Sir Gawain e il cavaliere verde, la recensione
Sir Gawain e il cavaliere verde di David Lowery attualizza l'epica del ciclo arturiano attraverso lo studio della forma, mantenendo invece il racconto nella sua valenza più tradizionale
Tratta dal ciclo arturiano del XIV secolo, l’epopea del cavaliere della Tavola Rotonda e nipote di Re Artù Sir Gawain è quella di un eroe che si cruccia a causa di un dilemma morale: assecondare la natura (e quindi l’istinto di conservazione e le passioni) o perseguire la virtù, un codice umano e razionale, ovvero il codice cavalleresco?
Il film mantiene un’epica antica, si divide tra quei codici e quei miti. Tuttavia, pur muovendosi in un’atmosfera fantasiosa, tra fantasmi e creature magiche, questa rimane come disincantata, cupa e a tratti horror ma mai davvero meravigliata né spaventata. Il viaggio nel fantastico è insomma un viaggio normalizzato, dove c’è poco di cui stupirsi. Il viaggio dell’eroe (Dev Patel) è totalmente spirituale, dettato da un conflitto interno, fatto di visioni deliranti ed esitazioni, e al contrario quasi per nulla esterno: il combattimento è quasi assente, lo scontro fisico è solo quello sessuale, con la controparte femminile (Alicia Vikander).
Quella che è sinceramente attuale e moderna è, invece, la sola forma. Proprio la forma, l’estetica e non tanto l’epica (che è comunque racchiusa in una storia scritta finemente e dalla chiara valenza metaforica, ma che non è memorabile) è dove Lowery attua il suo gioco da cinema contemporaneo, dove davvero stupisce, costruisce e propone.

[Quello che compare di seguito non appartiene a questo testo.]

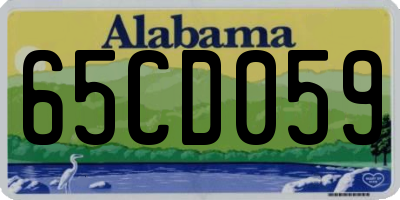 AL license plate 65CD059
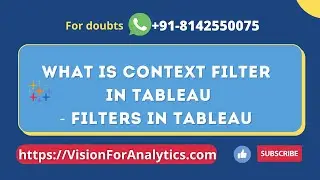 What is Context Filter in Tableau? || Types of filters in Tableau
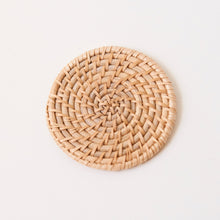 Load image into Gallery viewer, Laguna Woven Rattan Coasters, Set of 2
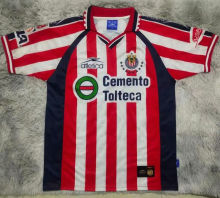 1999/2000 Chivas Home Red Retro Soccer Jersey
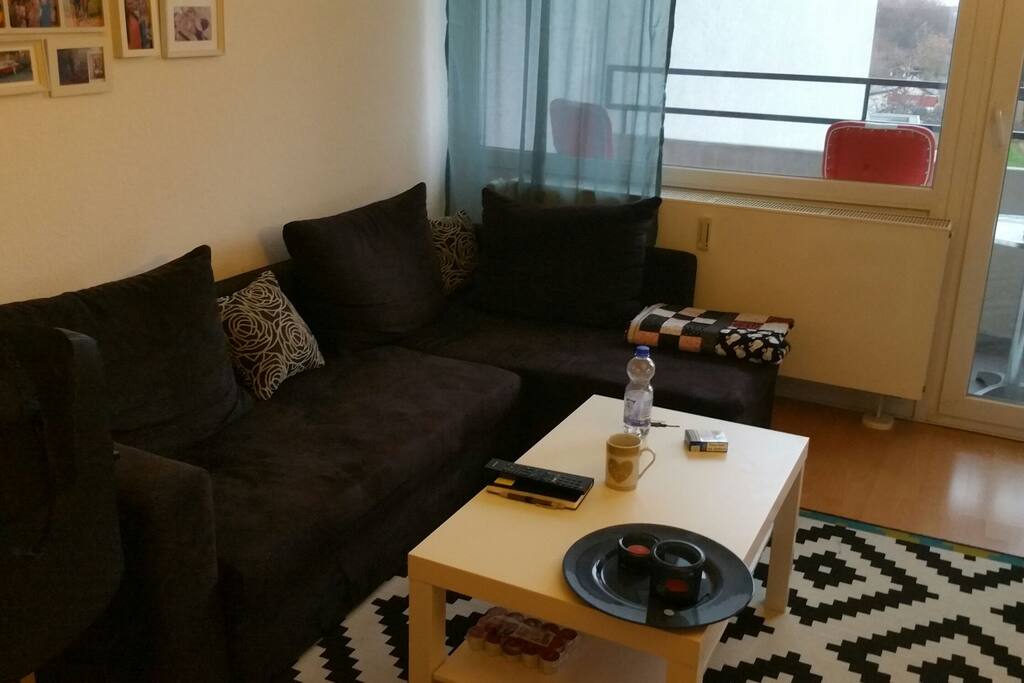 Direkter Zugang zum Balkon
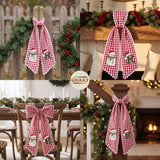 Christmas Personalized Wreath Sash — image 5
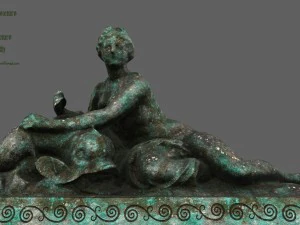 woman statue 3D Model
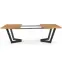Rozkladací stôl Massive 160/250x90cmSvetlý Dub/Čierna,5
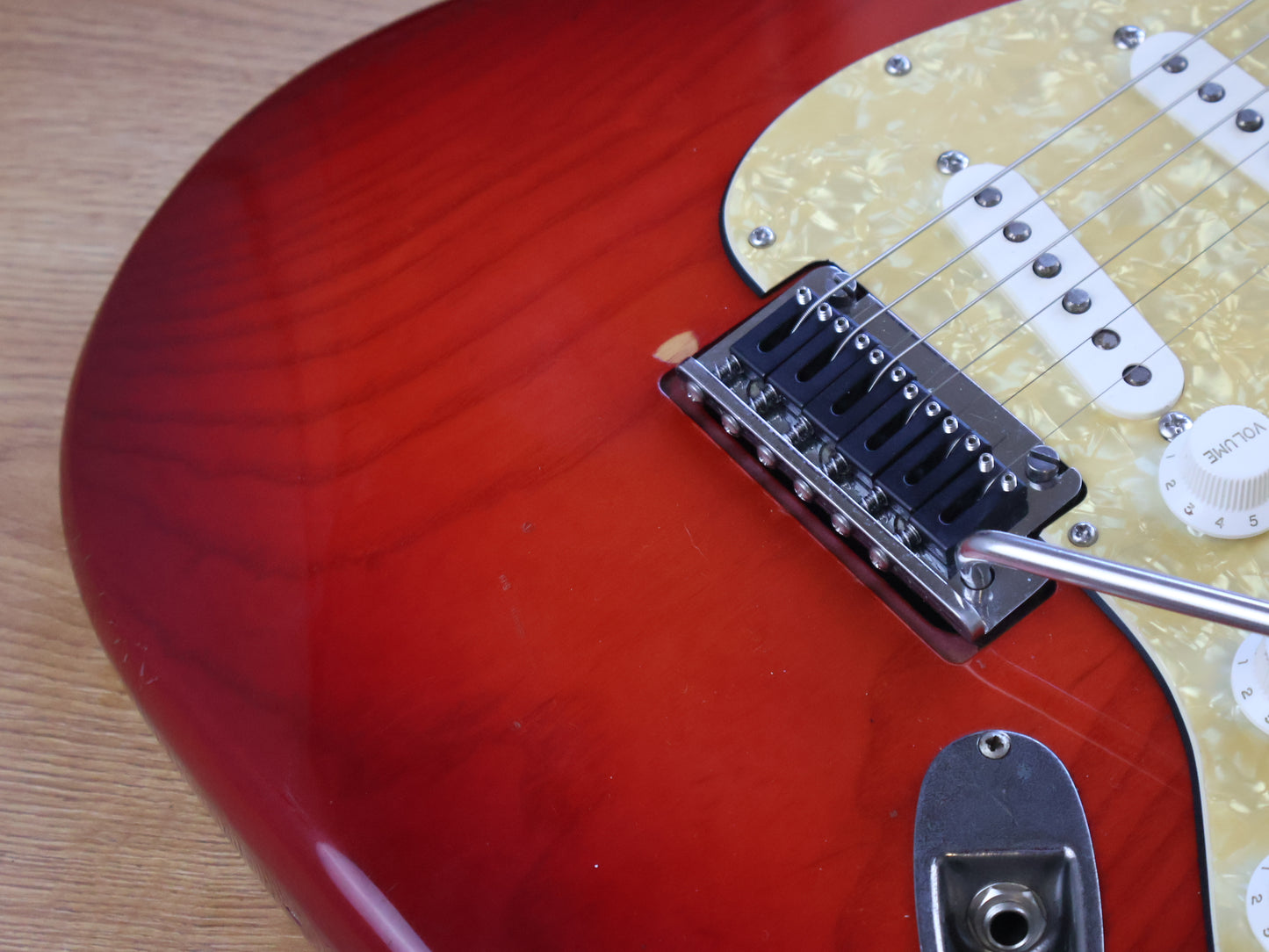Fender Japan "Shredders Delight" Scalloped Stratocaster (Transparent Red)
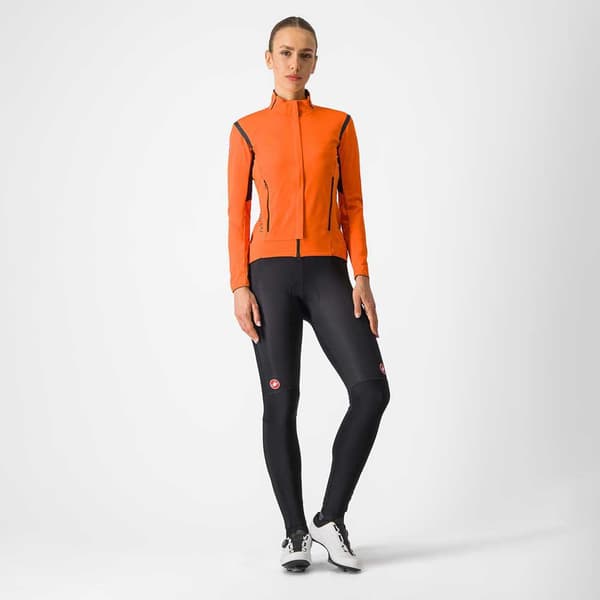 Castelli Perfetto Ros 2 Jacka Orange M Kvinna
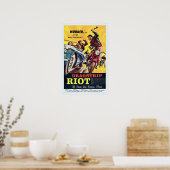 Poster Film vintage Dragstrip Riot (Cuisine)
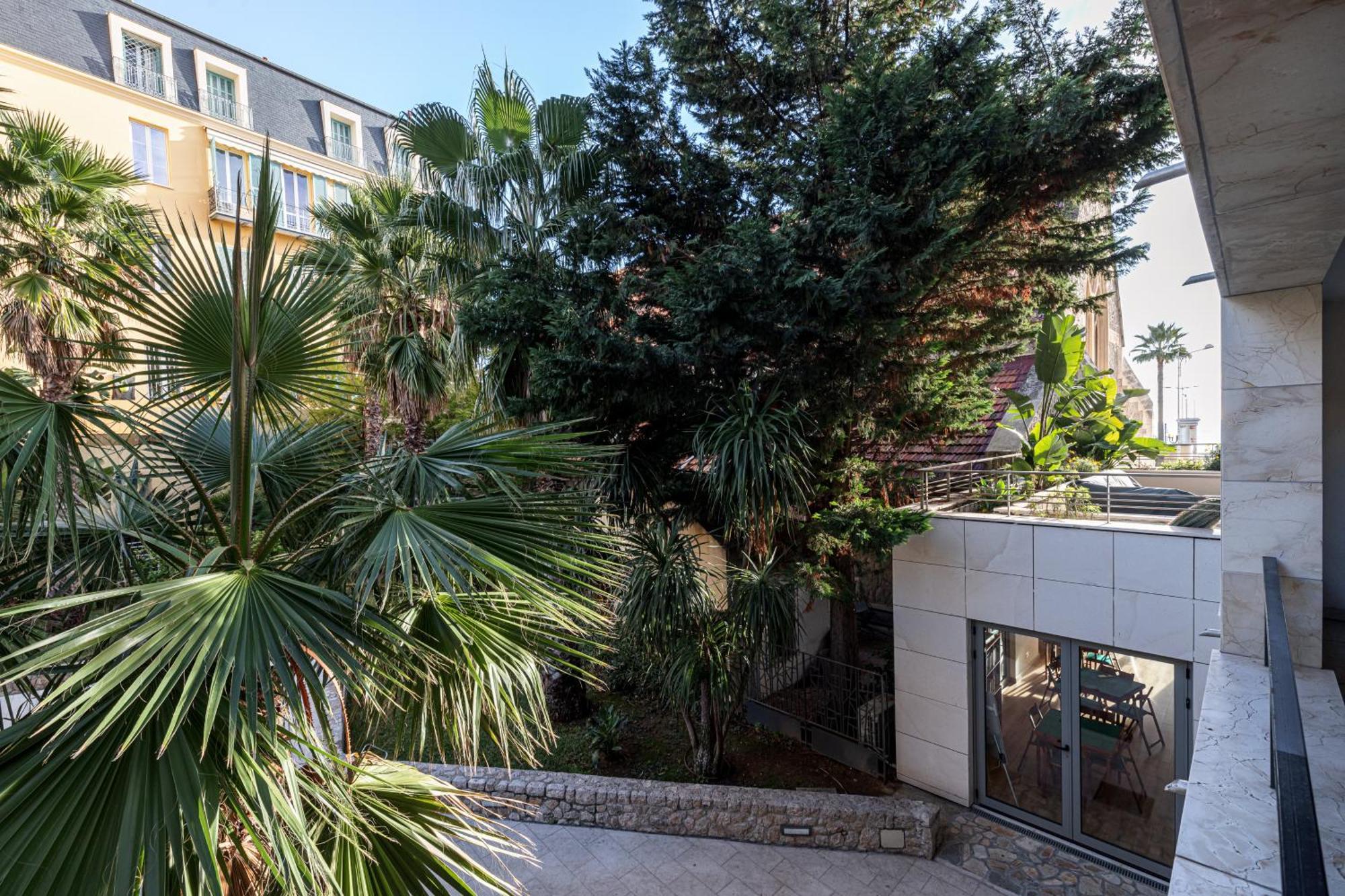 Studio Centre Terrasse Climatisation 50M Plage Menton Exterior photo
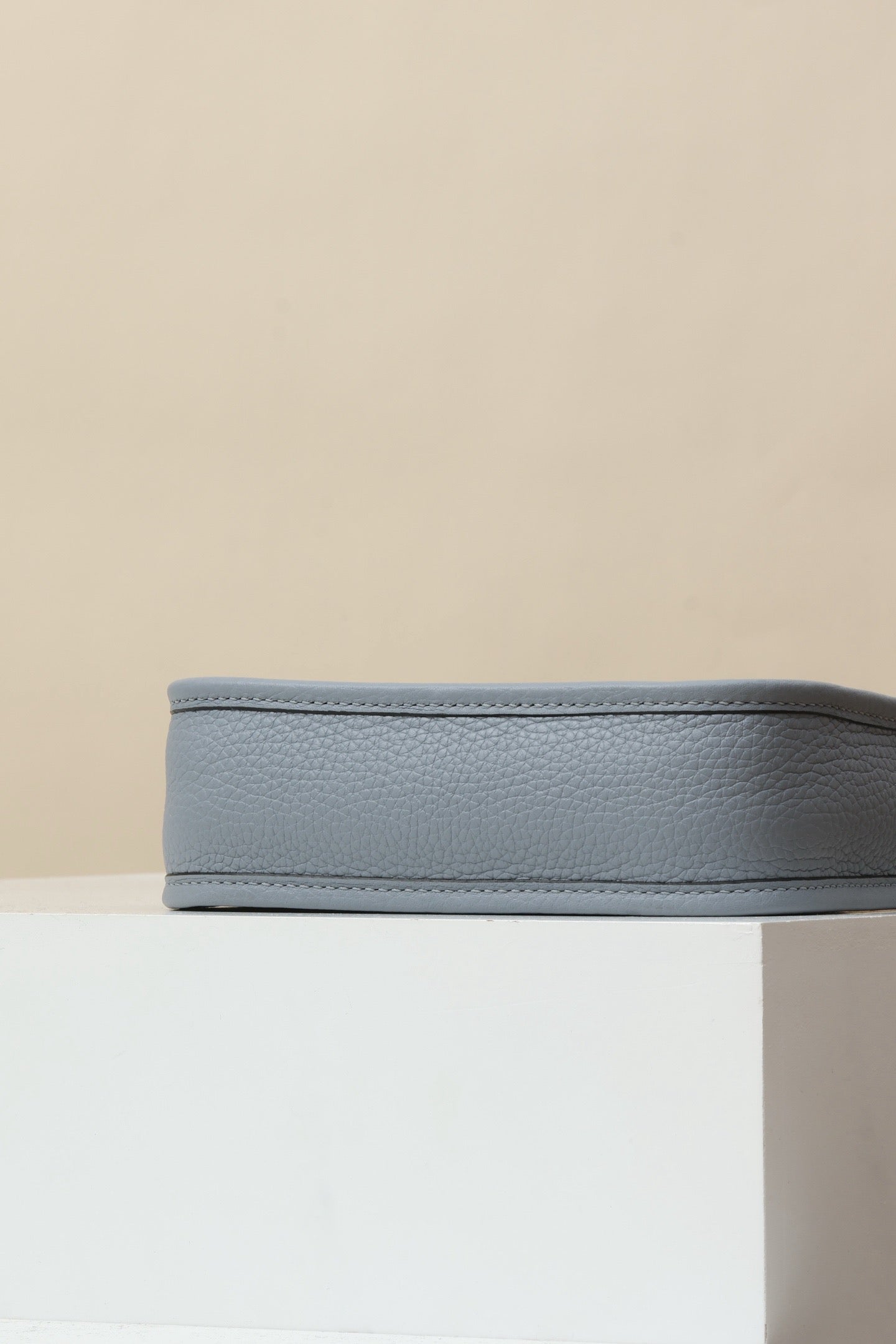 YF16 J7 Aegean Blue, Clemence bull leather crossbody bag  , PHW #4408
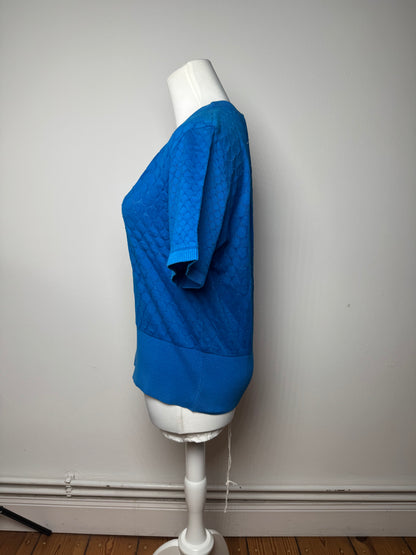 Vintage Dior Short Sleeve Sweater Blue M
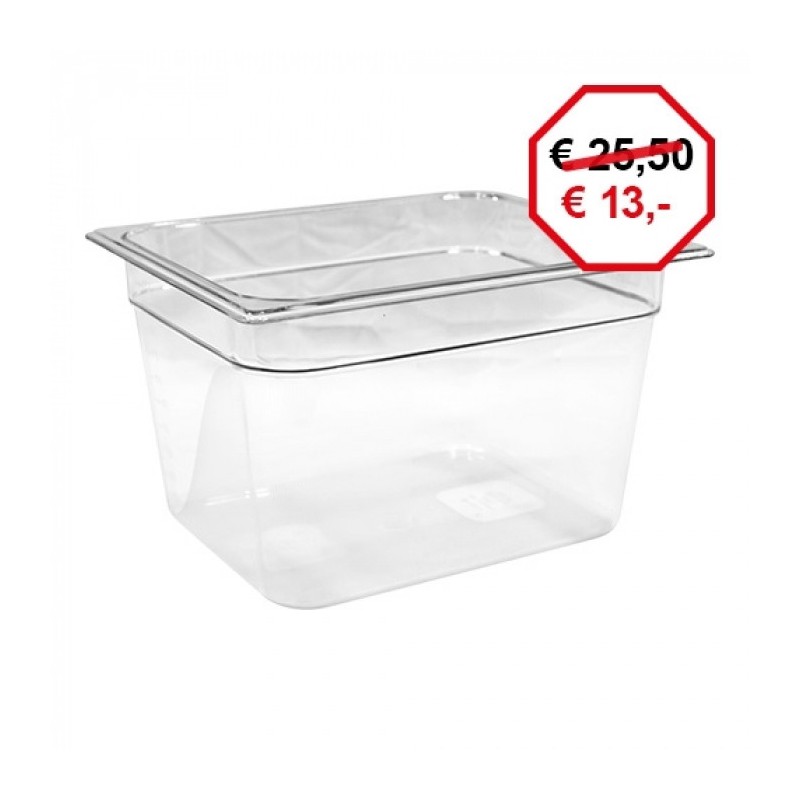 Bac gastronorme GN1/2 - Rubbermaid -  ref: RM3941
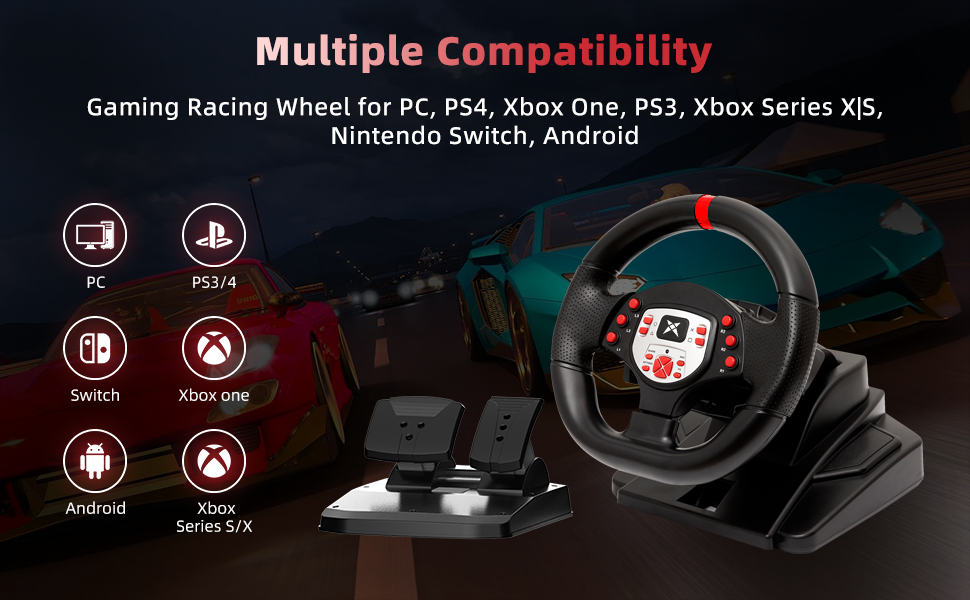 gaming steering wheel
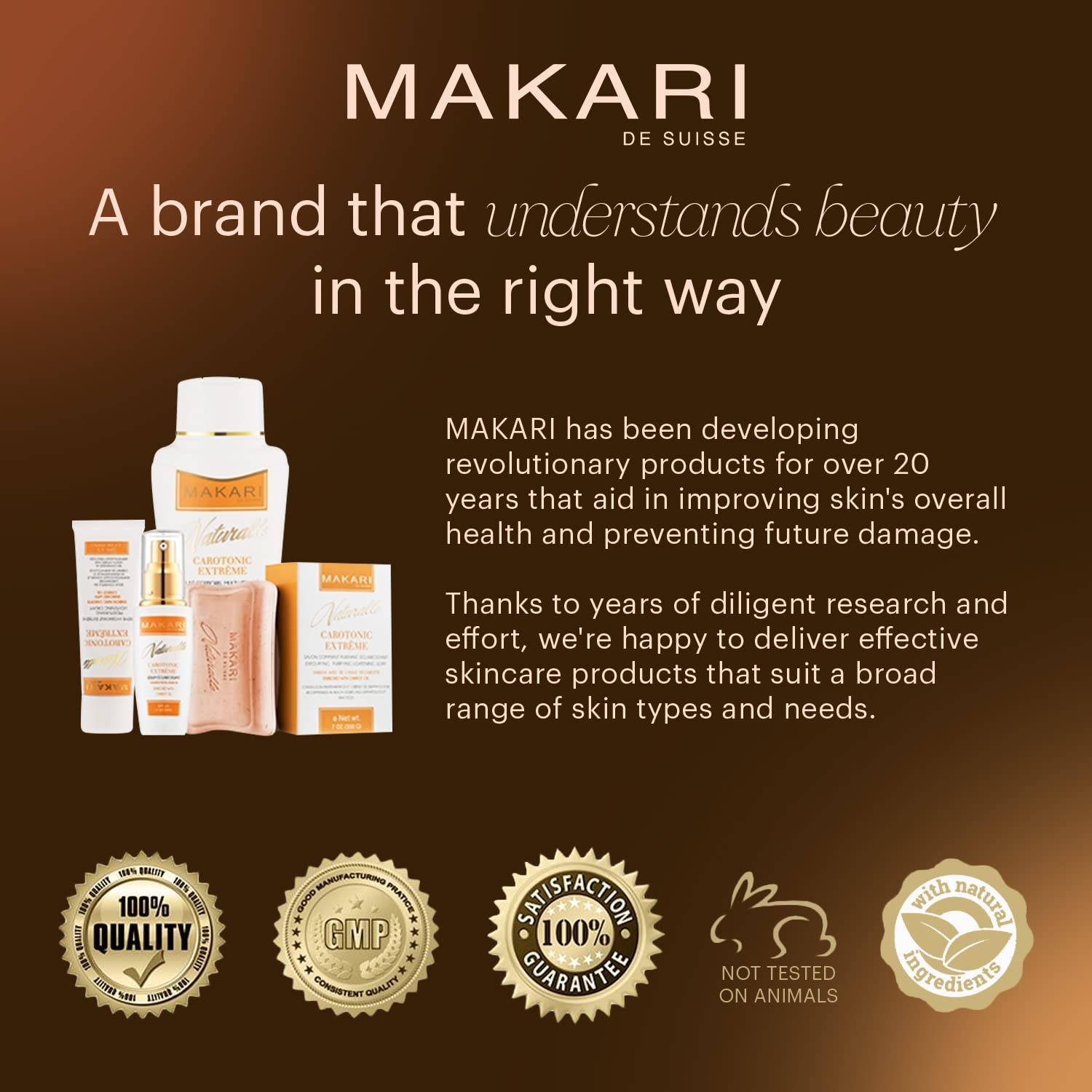 MAKARI Carotonic Extreme Body Lotion (17.6 oz) | Balance Oil, Fade Marks, Brighten Skin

In pieno spirito arthouse quale quello della casa di produzione dietro il film, ovvero A24 (che dello stile al di sopra di tutto è la paladina indiscussa), Sir Gawain e il cavaliere verde è un film di belle immagini, di riquadri dalla consistenza pittorica. Pur non essendo davvero così spinto nel simbolismo (molto meno di quanto voglia far credere), il film punta tantissimo sul fattore visivo, lavorando sul chiaroscuro, sul colore, sul richiamo incrociato tra le immagini. Un lavoro degno di nota, affascinante, ma che alla fine dei conti mira a far brillare di meraviglia il curatissimo assetto scenografico (costumi compresi) e molto meno a costruire un mondo nuovo.